13 Strengths, Limitations, and Future Work
Strengths
- Composability – adding a new data type is trivial: drop a prompt template + write a generator.
- Online uniqueness guarantee – FAISS prevents wasted tokens.
- Automated self‑critique – the model grades its own output, closing the loop.
- Persona depth – RP pipelines teach models long‑range role consistency.
- Multi‑backend – OpenAI or VertexAI can be swapped via config.
Limitations
- Teacher‑student collapse – synthetic data inherits biases and errors of the base model.
- Embedding model scope – GTE‑small vectors might miss deep semantic duplicates.
- Token budget – enormous narrative tasks push model context limits; partial‑generation hacks (first third, etc.) mitigate but complicate training.
- LLM gatekeeping – heavy reliance on policy‑aligned APIs may silently refuse certain content, skewing dataset distribution.
Future Ideas
- Plug‑in newer embedding models (e.g. BGE‑Large) for finer similarity gates.

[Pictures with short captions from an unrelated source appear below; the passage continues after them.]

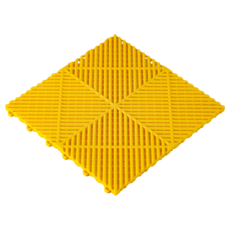 동그란주먹 베란다 화분 패드, 노란색, 1개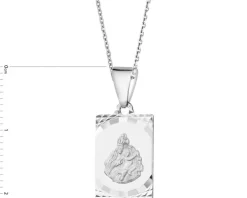 Zawieszka srebrna - medalik szkaplerz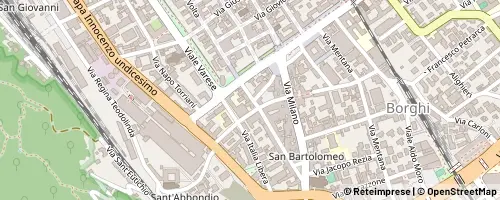 Mappa Como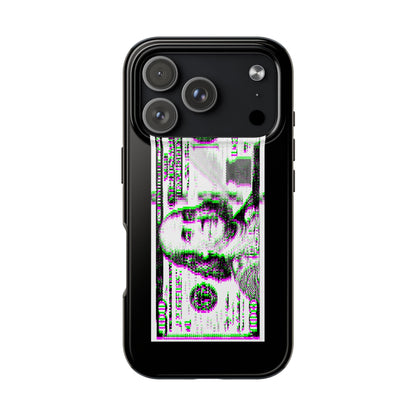 100 Dollars Bill - Green/Magenta Glitch - Phone Case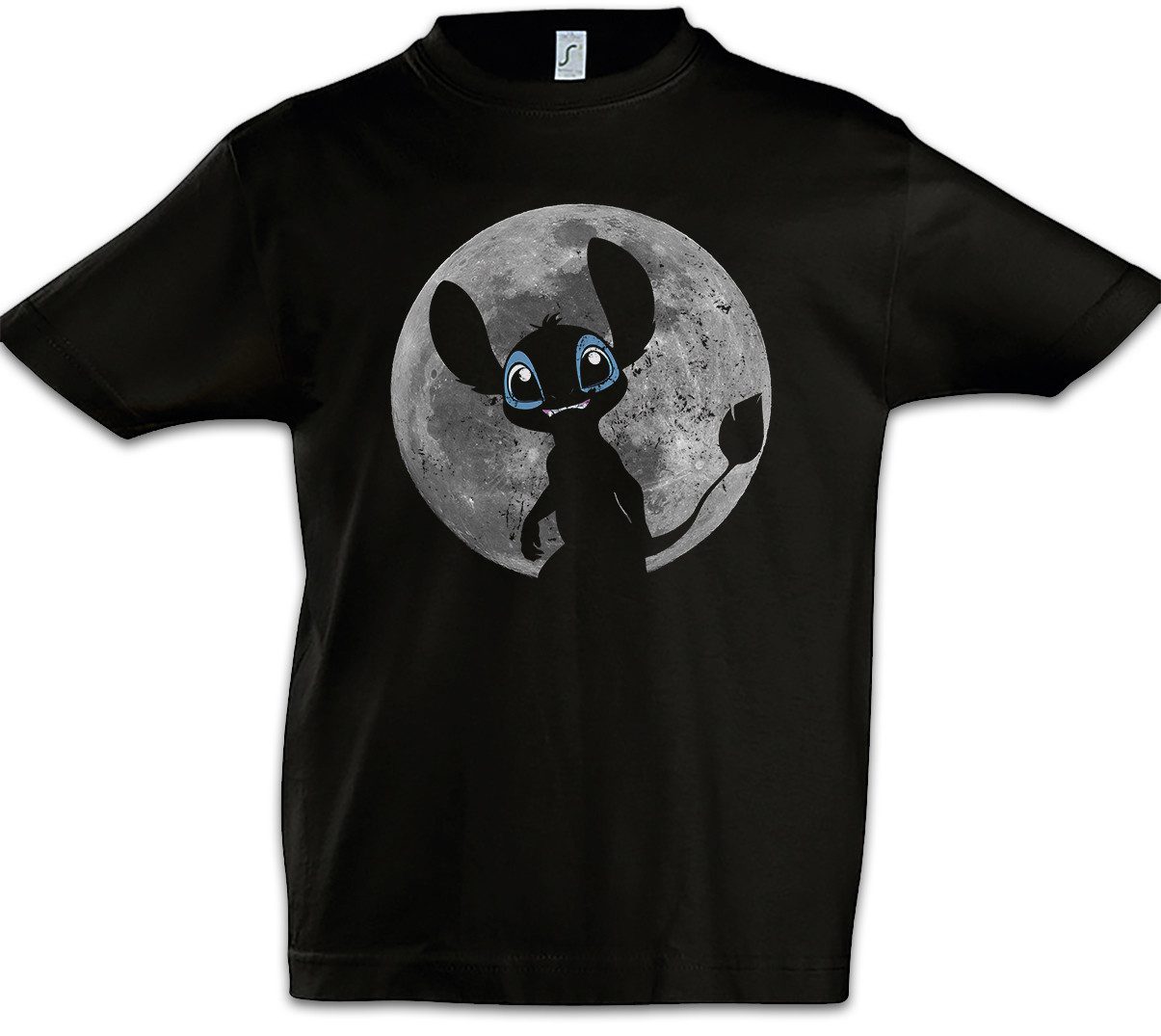 Print-Shirt 626 Moon Kinder T-Shirt Mond Lilo Pelekai Nani Stitch Sci-Fi Kult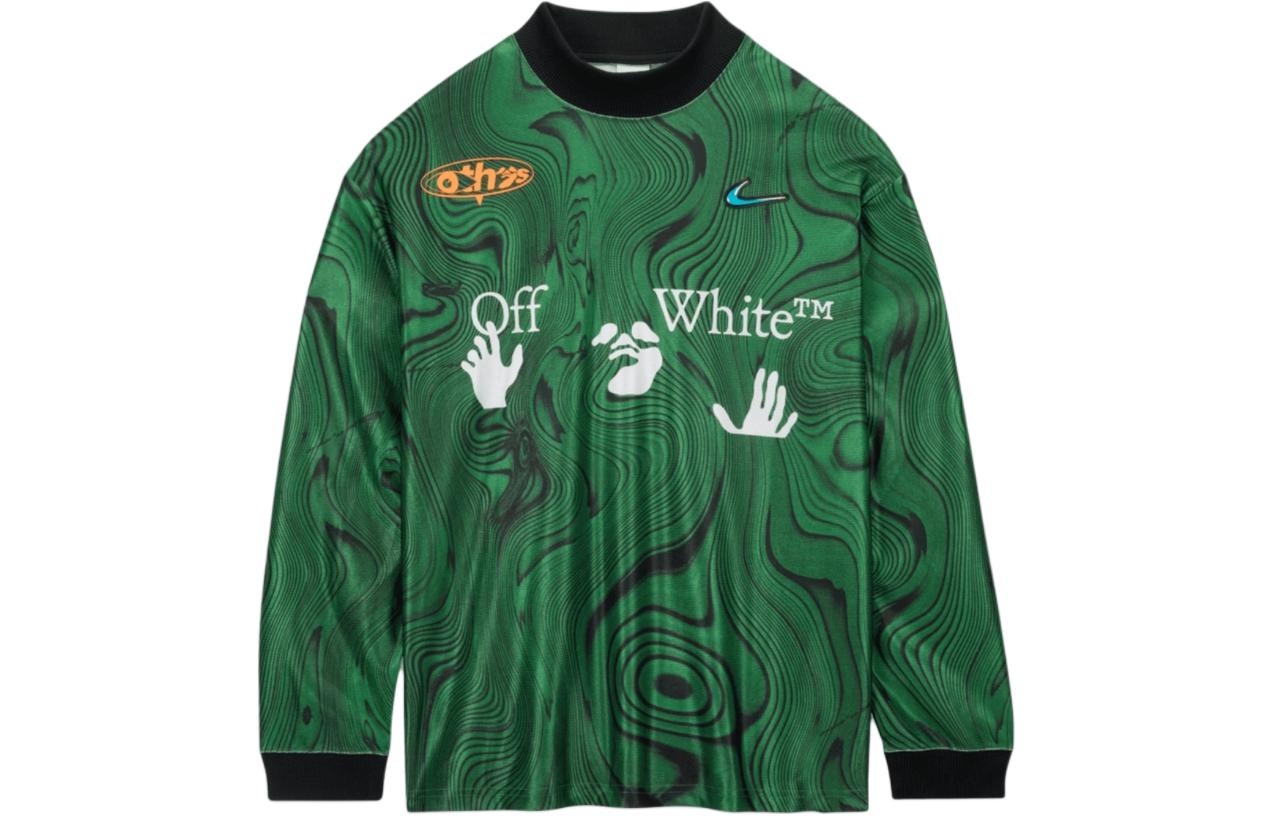 Nike x Off-White All Over Print Jersey Asia Sizing 'Kelly Green' FQ0998-389 - 2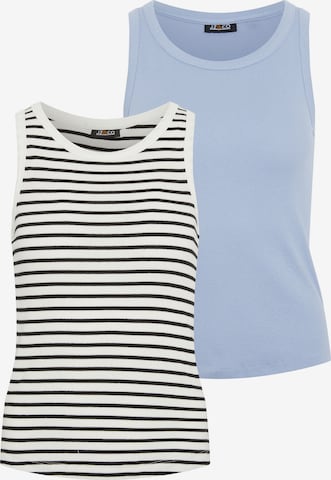 JZ&CO Top in Blue: front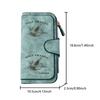 STAY TRASHY Long Zipper Wallet, Large Capacity Card Holder, Unisex Clutch Bag, Fashionable Zipper Coin Purse, Suitable for Daily Use, A Great Gift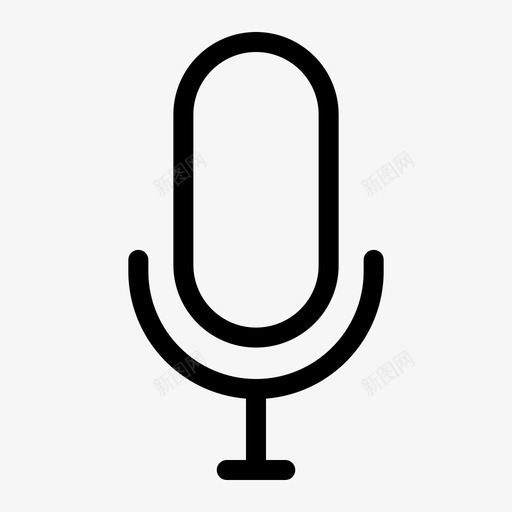 麦克风收音机录音机图标svg_新图网 https://ixintu.com 录音机 收音机 麦克风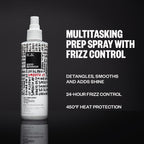 IGK Good Behavior 4-in-1 Prep Spray, Heat Protectant, Leave-In Detangler | Controls Frizz 24 Hours, Heat Protection + Shine, Weightless, Vegan, Full + Travel 7 Oz + 2 Oz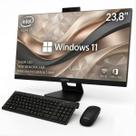 Computador All in One Intel Core I7 Ssd 256gb 16Gb Ram Tela 23,8 Pol Full HD Windows 11 Kit Completo Teclado Mouse sem fio Webcam Integrada office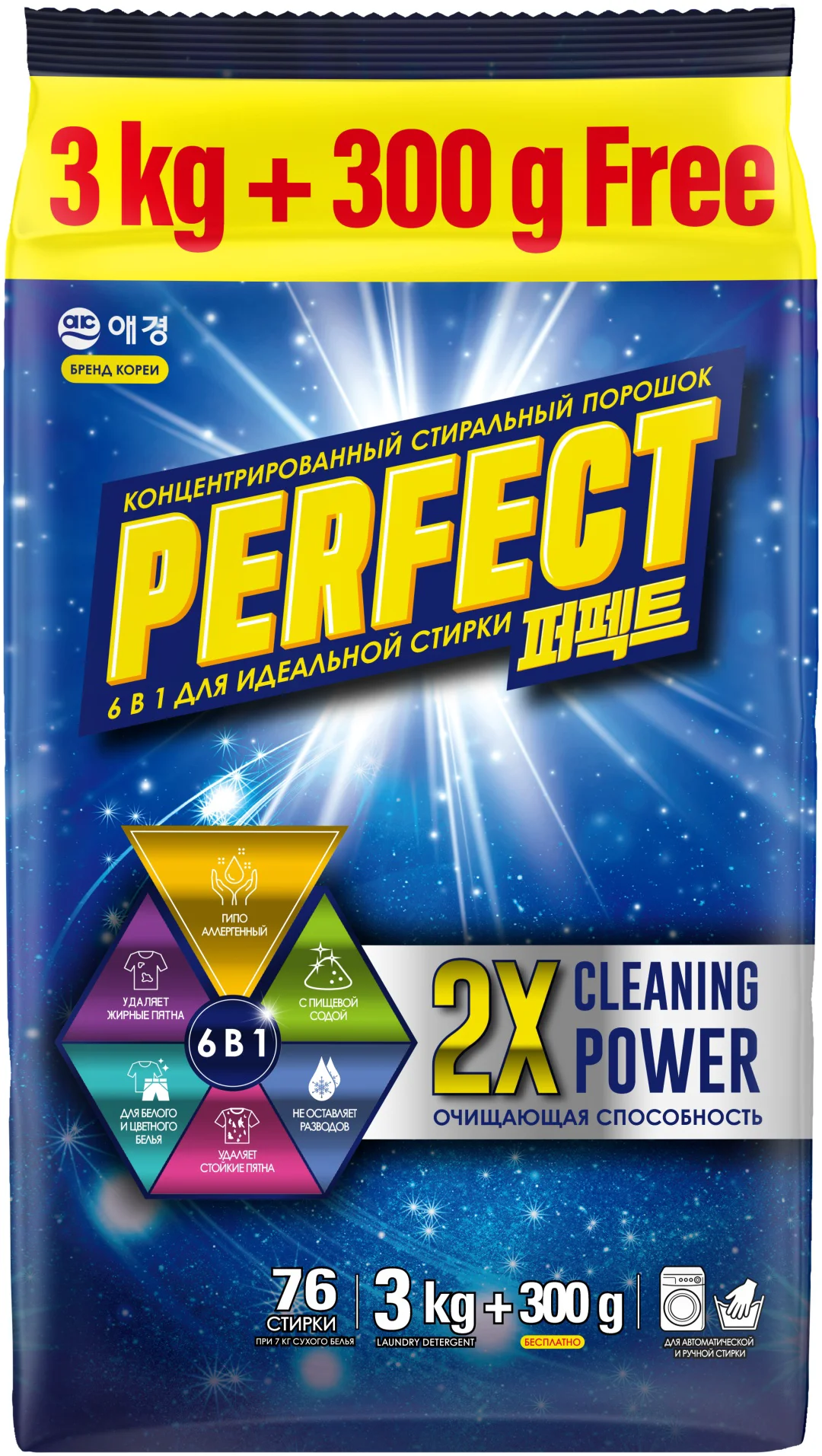 Стиральный порошок для белых и светлых тканей Perfect Solution  3.3 кг купить,NaN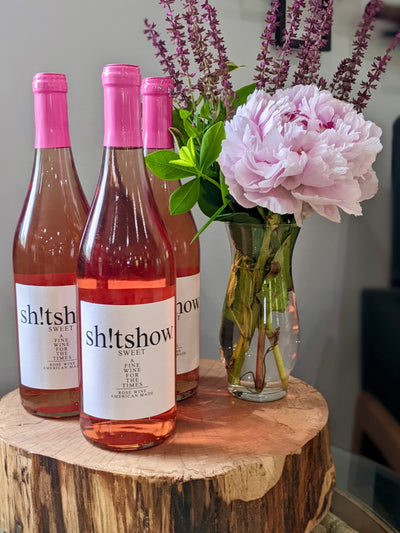 Sh!tshow Sweet Rosé Salad Pairing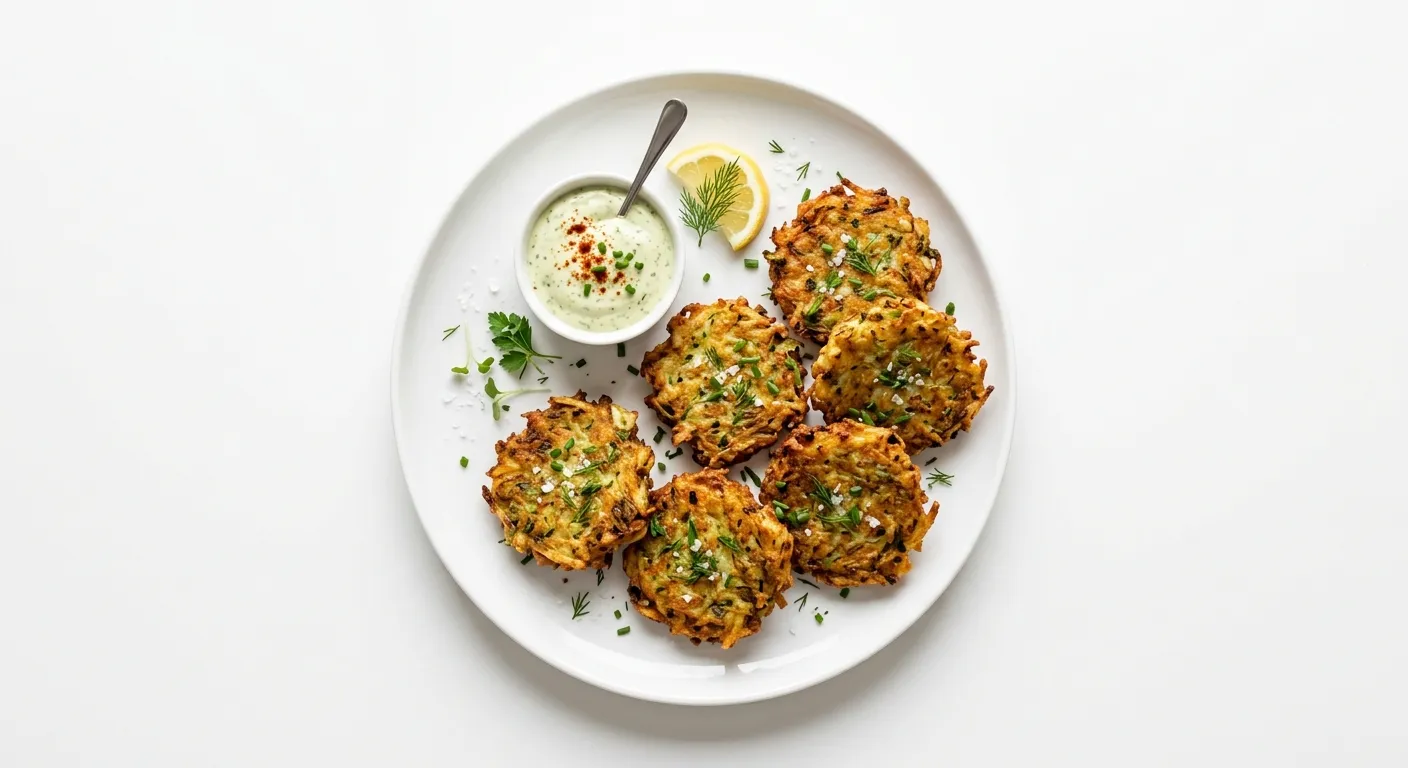 Elegant Crispy Vegan Potato and Cabbage Fritters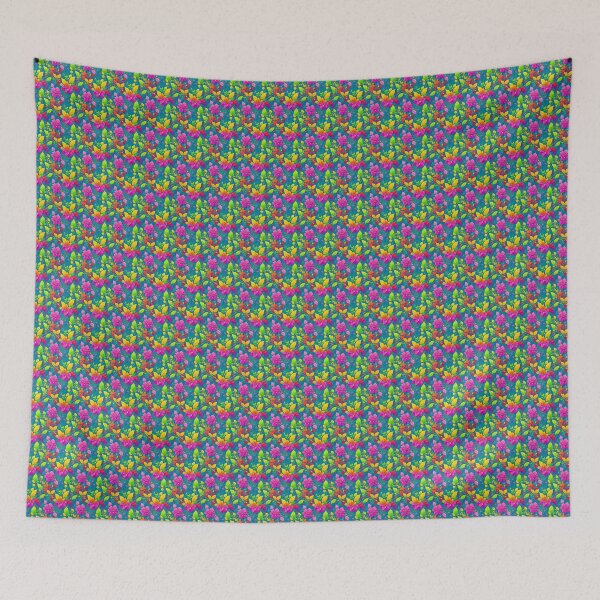 Item preview, Vibrant Tropical Bloom - Floral & Leaf Seamless Pattern designed and sold by PrithviApparels.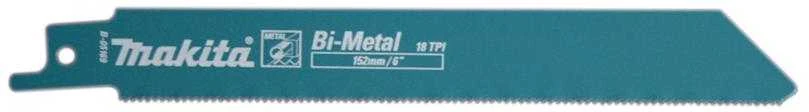 Makita Tiesinio pjūklo pjūkleliai BIM 225x1,1mm (14+18tpi), 5Vnt., Metalui B-43175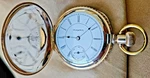 Vintage Hampden 10KT Gold Filled Serviced Pocket Watch. Fixed Price $425.00.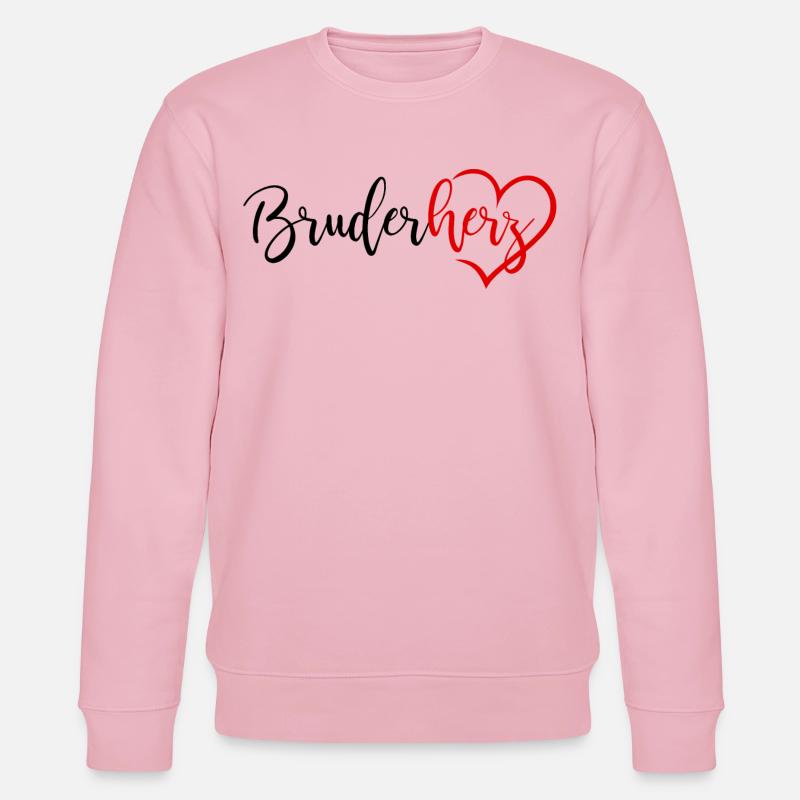 Bruderherz - Stanley/Stella Unisex Bio-Sweatshirt CHANGER  - Hellrosa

- Train a small reward model to replace the inline “GOOD/BAD” heuristic with continuous scores.
- Leverage retrieval‑augmented generation to ground synthetic facts in Wikipedia snapshots, boosting factuality.
- Add iterative self‑revise loops where the model critiques and rewrites its first draft.
14 Conclusion
airoboros exemplifies a second‑generation self‑instruct framework—moving from simple prompt/answer dumps to a multi‑layered, quality‑obsessed synthesis factory. By combining embedding‑based novelty, template‑driven instructor specialisation, automated LLM judging, and compulsory role‑play diversity, the project delivers a dataset that approaches the richness of expensive human curation at a fraction of the cost.
Whether you plug its JSONL straight into a LoRA finetune, distil it into retrieval chunks, or use it to bootstrap RLHF preference comparisons, airoboros offers a pragmatic blueprint for anyone needing lots of safe, diverse language data—today.